Hydrogels are highly hydrophilic polymers that have been used in a wide range of applications. In this study, we prepared PVA–CS/SA–Ca2+ core–shell hydrogels with bilayer space by cross-linking PVA and CS to form a core structure and chelating SA and Ca2+ to form a shell structure to achieve multiple substance loading and multifunctional expression. The morphology and structure of core–shell hydrogels were characterized by scanning electron microscopy (SEM) and Fourier transform infrared spectroscopy (FTIR). The factors affecting the swelling properties of the hydrogel were studied. The results show that the PVA–CS/SA–Ca2+ hydrogel has obvious core and shell structures.

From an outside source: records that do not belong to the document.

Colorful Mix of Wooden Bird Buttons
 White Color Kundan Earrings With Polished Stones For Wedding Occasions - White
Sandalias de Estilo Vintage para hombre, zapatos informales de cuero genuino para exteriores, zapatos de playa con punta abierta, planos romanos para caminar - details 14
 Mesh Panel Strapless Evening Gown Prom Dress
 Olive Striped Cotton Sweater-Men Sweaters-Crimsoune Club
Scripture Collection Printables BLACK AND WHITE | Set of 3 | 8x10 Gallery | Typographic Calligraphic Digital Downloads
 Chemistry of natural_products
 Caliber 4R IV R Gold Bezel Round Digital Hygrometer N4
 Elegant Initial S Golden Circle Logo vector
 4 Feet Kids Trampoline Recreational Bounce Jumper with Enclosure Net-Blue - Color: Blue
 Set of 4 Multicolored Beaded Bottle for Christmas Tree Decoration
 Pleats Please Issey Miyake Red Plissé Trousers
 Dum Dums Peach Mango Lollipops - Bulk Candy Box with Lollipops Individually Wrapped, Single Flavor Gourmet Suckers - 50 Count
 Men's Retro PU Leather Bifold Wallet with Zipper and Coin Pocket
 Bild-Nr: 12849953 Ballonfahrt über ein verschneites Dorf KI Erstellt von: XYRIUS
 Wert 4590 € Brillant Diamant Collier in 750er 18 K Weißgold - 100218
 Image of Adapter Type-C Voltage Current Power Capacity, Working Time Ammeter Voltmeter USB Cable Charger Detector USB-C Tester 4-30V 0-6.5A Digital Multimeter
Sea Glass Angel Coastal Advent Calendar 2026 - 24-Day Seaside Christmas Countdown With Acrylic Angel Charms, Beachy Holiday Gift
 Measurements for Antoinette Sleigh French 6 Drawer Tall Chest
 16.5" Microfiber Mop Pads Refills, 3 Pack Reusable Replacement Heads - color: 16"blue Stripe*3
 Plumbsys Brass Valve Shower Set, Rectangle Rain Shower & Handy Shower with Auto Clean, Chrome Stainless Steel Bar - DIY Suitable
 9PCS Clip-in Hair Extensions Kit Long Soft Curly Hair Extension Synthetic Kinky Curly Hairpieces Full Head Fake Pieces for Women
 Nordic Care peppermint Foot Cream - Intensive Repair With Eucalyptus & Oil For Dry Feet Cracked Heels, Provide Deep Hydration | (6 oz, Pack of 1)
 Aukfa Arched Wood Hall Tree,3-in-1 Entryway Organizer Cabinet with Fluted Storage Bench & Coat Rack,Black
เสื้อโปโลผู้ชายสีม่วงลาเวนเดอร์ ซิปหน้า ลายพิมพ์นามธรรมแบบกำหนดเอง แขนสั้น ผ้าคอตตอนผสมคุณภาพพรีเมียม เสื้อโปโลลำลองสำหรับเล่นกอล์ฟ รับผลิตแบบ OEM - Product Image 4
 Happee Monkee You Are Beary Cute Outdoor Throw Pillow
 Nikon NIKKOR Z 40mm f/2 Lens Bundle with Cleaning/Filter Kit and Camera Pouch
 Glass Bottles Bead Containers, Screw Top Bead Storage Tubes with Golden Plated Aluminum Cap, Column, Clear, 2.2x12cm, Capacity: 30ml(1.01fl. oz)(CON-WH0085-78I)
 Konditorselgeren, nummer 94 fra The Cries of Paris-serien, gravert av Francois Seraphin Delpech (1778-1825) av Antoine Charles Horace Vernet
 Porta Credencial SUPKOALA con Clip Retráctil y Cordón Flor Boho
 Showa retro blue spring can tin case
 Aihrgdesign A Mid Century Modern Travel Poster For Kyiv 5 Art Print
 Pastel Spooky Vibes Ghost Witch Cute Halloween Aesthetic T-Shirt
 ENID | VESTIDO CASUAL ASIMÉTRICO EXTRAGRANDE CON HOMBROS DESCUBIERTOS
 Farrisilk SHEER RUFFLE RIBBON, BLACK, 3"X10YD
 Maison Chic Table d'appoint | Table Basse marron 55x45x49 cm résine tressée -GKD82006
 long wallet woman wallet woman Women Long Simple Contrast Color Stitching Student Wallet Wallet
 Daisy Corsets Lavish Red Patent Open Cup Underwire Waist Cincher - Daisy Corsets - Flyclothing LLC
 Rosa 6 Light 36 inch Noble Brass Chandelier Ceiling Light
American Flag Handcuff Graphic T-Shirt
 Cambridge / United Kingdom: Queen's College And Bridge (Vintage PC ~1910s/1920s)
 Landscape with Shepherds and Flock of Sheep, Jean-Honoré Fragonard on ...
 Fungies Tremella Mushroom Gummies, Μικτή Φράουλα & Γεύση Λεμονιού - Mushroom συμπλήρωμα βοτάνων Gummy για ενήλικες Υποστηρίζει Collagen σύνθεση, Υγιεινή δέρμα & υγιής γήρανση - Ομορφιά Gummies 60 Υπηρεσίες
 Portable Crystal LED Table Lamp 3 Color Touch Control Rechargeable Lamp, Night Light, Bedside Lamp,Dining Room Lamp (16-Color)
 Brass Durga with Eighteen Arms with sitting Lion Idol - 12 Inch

The SA concentration and SA/Ca2+ cross-linking time show a positive correlation with the thickness of the shell structure; the PVA/CS mass ratio affects the structural characteristics of the core structure; and a higher CS content indicates the more obvious three-dimensional network structure of the hydrogel. The optimal experimental conditions for the swelling degree of the core–shell hydrogel were an SA concentration of 5%; an SA/Ca2+ cross-linking time of 90 min; a PVA/CS mass ratio of 1:0.7; and a maximum swelling degree of 50 g/g.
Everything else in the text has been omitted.